Dans ce contexte, il est important de continuer à booster l'emploi. C'est le sens de l'initiative que j'ai prise au sein de HP après l'annonce de Meg Whitman des 29 000 départs au niveau mondial. L'idée était de solliciter nos dispositifs de formation interne pour que les 520 salariés, parmi les plus anciens, qui devaient partir en pré-retraitres soient remplacés en interne. J'ai annoncé un plan d'embauches de 220 jeunes pour remplacer les salariés ayant bénéficié de cette ascension.

"Nous sommes capables de stocker la Bibliothèque François Mitterrand dans un Apéricube"

C'est suite à ces propositions, qui ont donné lieu à une grand négociation avec les représentants du personnel, que Meg Whitman a décidé de revoir à la baisse le plan français de 520 à 300 suppressions de postes, avec à la clé un réalignement des embauches à 120 jeunes. Au final, nous avons donc réussi à sauver plus de 200 emplois, qui correspondent aussi à des vrais postes. Sauf si la situation économique s'aggrave plus que prévu, cette l'emploi chez HP France devrait rester stable au moins jusqu'à fin 2014.

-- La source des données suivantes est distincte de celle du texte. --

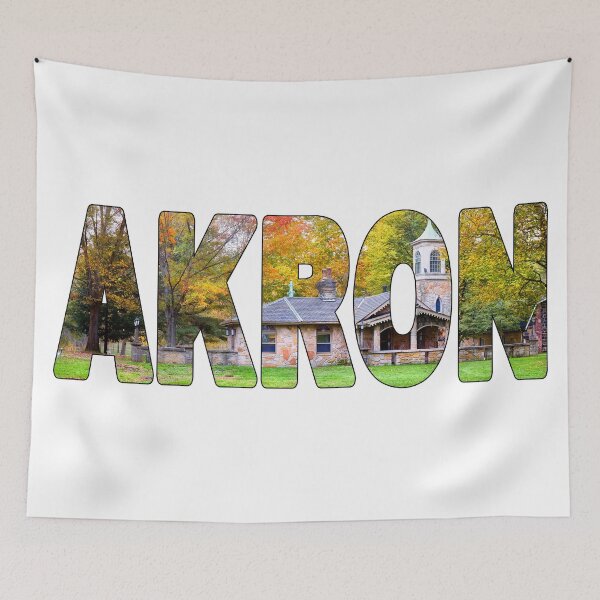 Item preview, AKRON - Ohio United States of America Fall Trees Historic designed and sold by Adam Gormley.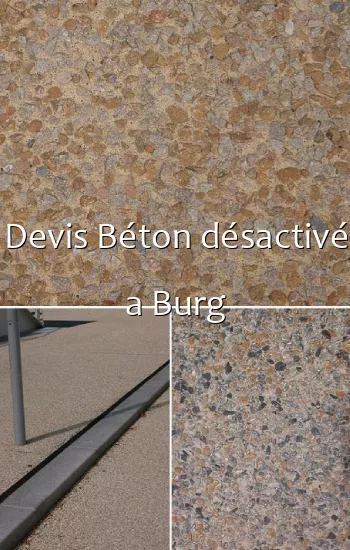 Devis Béton désactivé a Burg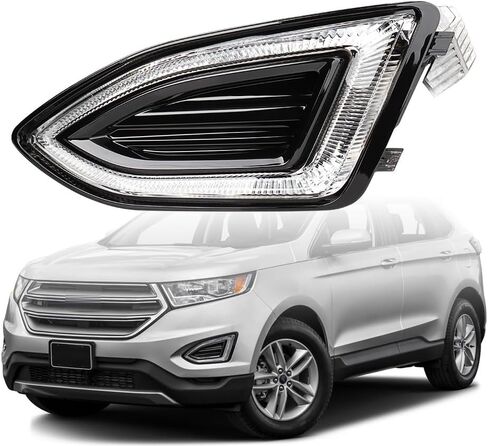 Astra Depot متوافق مع Ford Edge Fog Light 2015-2018 مصباح الضباب الجانبي للسائق ضوء النهار الجري 3528 SMD LED ضوء الضباب، استبدال الجانب الأيسر لـ FT4Z13200H | FO2520192 in Saudi Arabia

Quels sont dès lors les grands axes de HP en matière d'innovation ?

Nous avons plusieurs axes de développement en R&D. Sur les terminaux d'abord, nous sortons la Slate 7 qui tourne sous Android, et cible le marché de la grande consommation. Pour les entreprises, nous avons conçu l'ElitePad 800, sous Windows 8. Nous avons également commercialisé un convertible, avec le HP Envy X2.

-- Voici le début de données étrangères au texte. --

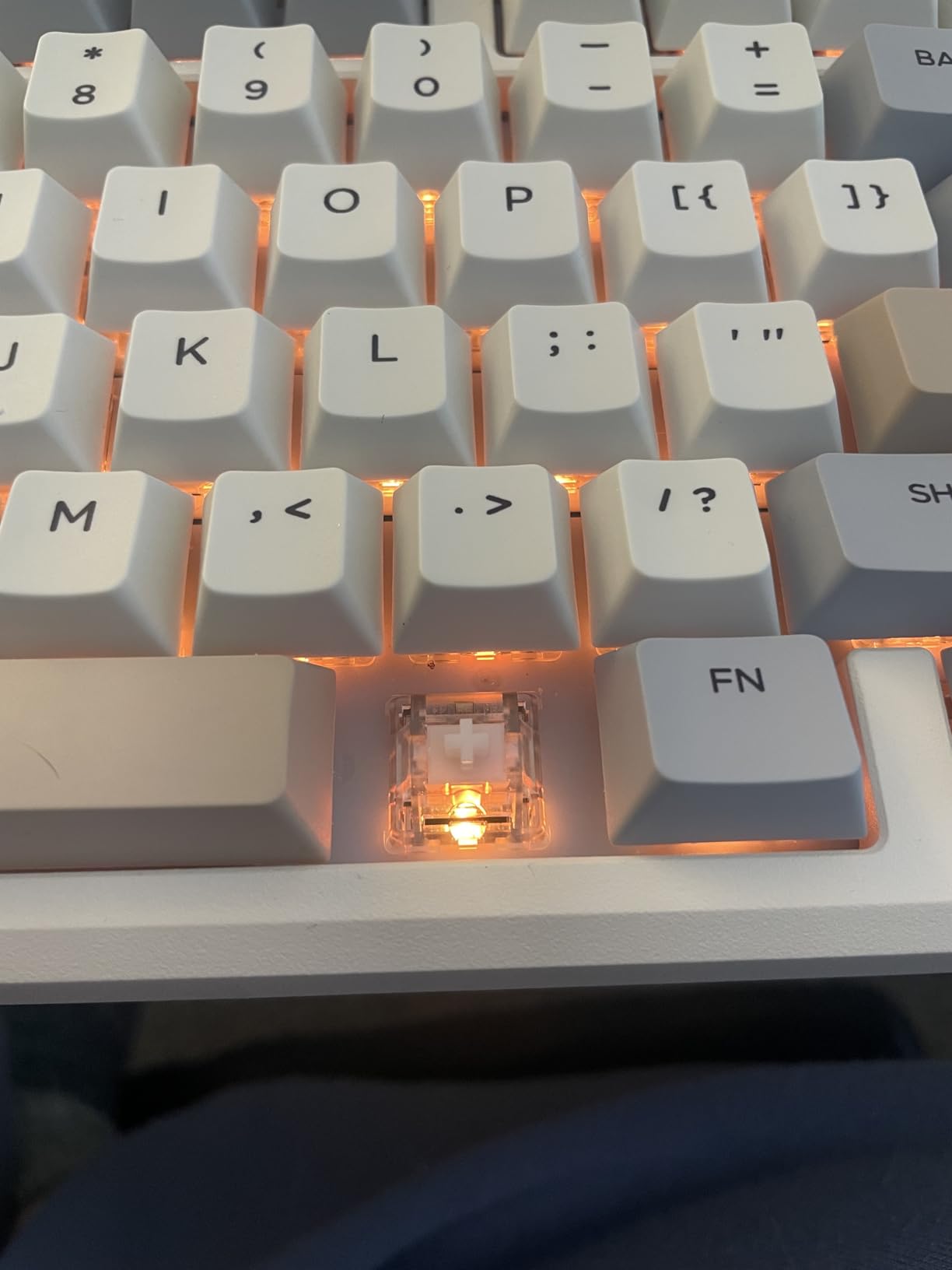 EPOMAKER Silent Mechanical Keyboard Switches Set - 35 Pieces Factory Pre-Lubed, 5-Pin Linear/Tactile Switches for Custom Mechanical Keyboards (Crystal(Tactile Silent)) customer photo 2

En matière d'infrastructure, nous avons lancé le projet HP Project Moonshot qui vise à faire tenir 3000 serveurs dans un espace grand comme l'équivalent d'un réfrigérateur. C'est le nombre de serveurs d'un centre de données français de taille moyenne. Au total, nous diminuons ainsi l'espace de 94%, la consommation énergétique de 89% et les coûts de 69%. Ce produit sera lancé en France en avril.

Et sur le stockage...

Côté stockage, nous investissons beaucoup dans la résistance à mémoire. Nous avons repris cette invention qui remonte aux années 1970 pour miniaturiser les unités de stockage, et optimiser leur consommation d'énergie. Nous sommes par exemple capables de stocker l'équivalent de la Bibliothèque François Mitterrand dans un Apéricube. Nous étendons aussi l'offre issue du rachat de 3Par, notamment avec le produit de milieu de gamme Mini 3Par, mais aussi autour du système de sauvegarde StoreOnce.

Biographie professionnelle : Gérald Karsenti est président directeur général de HP France depuis juillet 2011. Il a rejoint le groupe en 2007 en tant que directeur général des ventes de l'entité Enterprise Business France, et occupait depuis septembre 2010 le poste de directeur général de l'entité Enterprise Services France en charge des activités de transformation et d'infogérance. Avant de rejoindre HP, Gérald Karsenti était président d'une filiale de services dédiée aux applications au sein du groupe Capgemini. Il a également occupé le poste de directeur général adjoint de Sogeti France. Il a enfin travaillé près de 18 ans chez IBM, ses dernière responsabilités ayant été celles de vice président du Software Groupe France.